Following the passing of her estranged father, Shaun Russell (Union) takes her two kids on a trip to what is essentially a tricked out fortress belonging to her old man located smack dab in the middle of Nowhere, Wisconsin, in order to get the jump on selling the place off. It’s an accessible setup and one can hardly fault the film that. Plenty of thrilling flicks are built on similarly simple foundations. The core problem with Breaking In is that it’s equally uninspired in too many facets of the medium.
Every character is a two-dimensional trope. Shaun’s bratty teenage daughter, Jasmine (Ajiona Alexus), for example, has nothing better to do than complain, listen to music, and text her boyfriend (Ugh). Her still less interesting kid brother, Glover (Seth Carr), mostly just spews nerdy tech knowledge and calls his big sis names. Shaun herself is has no background of any real interest or clarity and her relationship with her children is given practically zero development before crap starts hitting the fan.

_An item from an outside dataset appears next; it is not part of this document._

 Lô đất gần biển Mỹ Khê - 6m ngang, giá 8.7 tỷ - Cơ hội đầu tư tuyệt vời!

And when it inevitably does, the baddies too reveal themselves to be just as wooden with flat characterizations and typical motivations. Eddie (Billy Burke), the cool-headed leader who slowly loses his cool as plans start to unravel, barks orders at his eye-rollingly inept henchmen (while doing nothing himself): the one with a conscience (Levi Meaden), the psychotic one who wants to kill everyone (Richard Cabral), and the one who gets taken out too early to be important (Mark Furze). They want to steal a handsome $4 million lump sum of cash that Shaun’s father supposedly has stashed away somewhere inside the tightly secured mansion.

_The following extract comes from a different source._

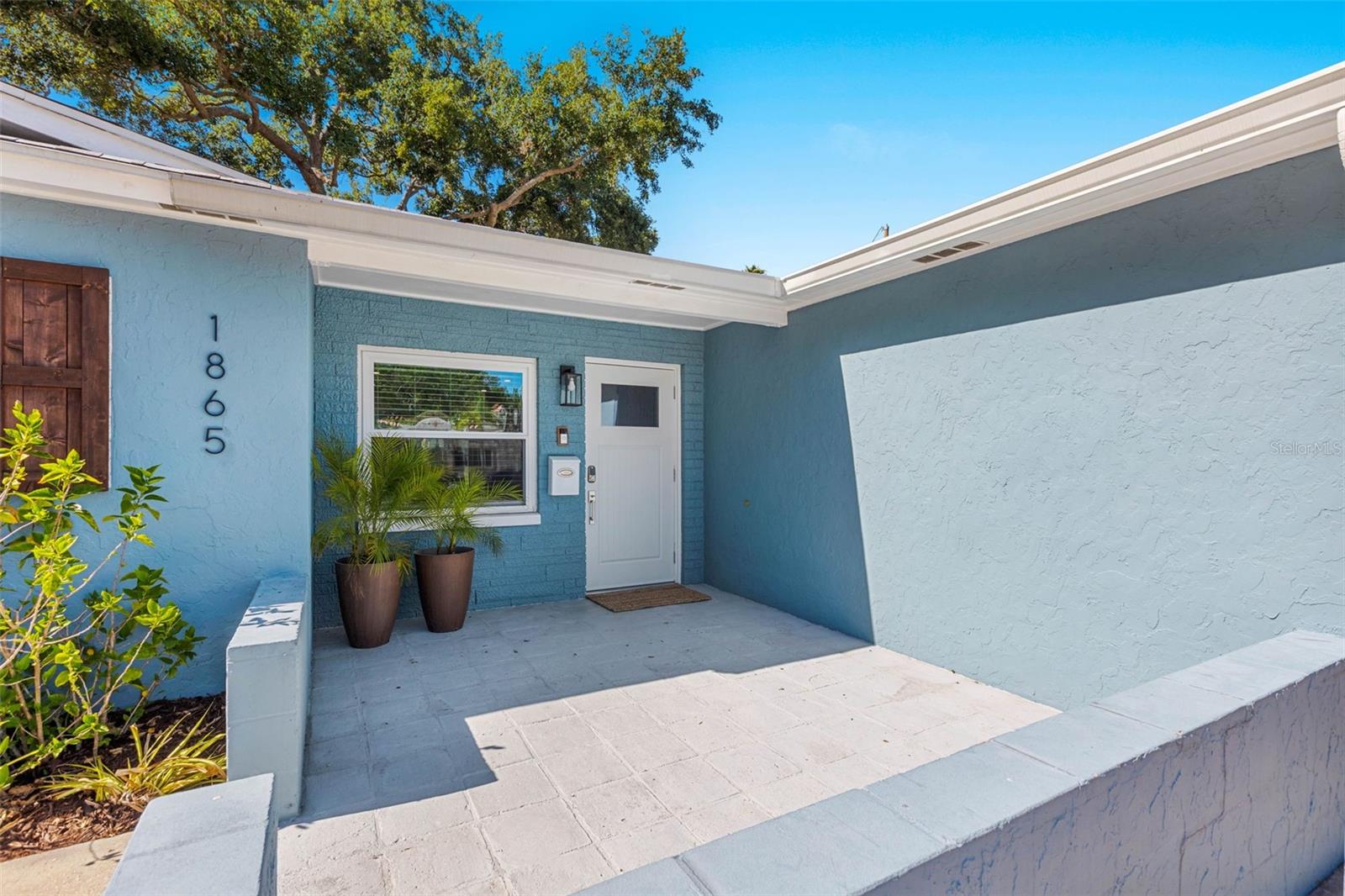 1865 NEBRASKA AVE NE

Breaking In is selling itself as a Taken-esque badass revenge tale with a feminine twist. If only that were actually the case. The film lacks any true sense of stakes. The action set pieces are lifeless and utterly disappointing. And to be honest, it’s kind of sad. Director James McTeigue is the credited director of one of my favorite movies, V for Vendetta, but here, thirteen years out, he and screenwriter Ryan Engle seem bored and uninterested in taking advantage of a talented lead like Gabrielle Union, who seems wholly committed.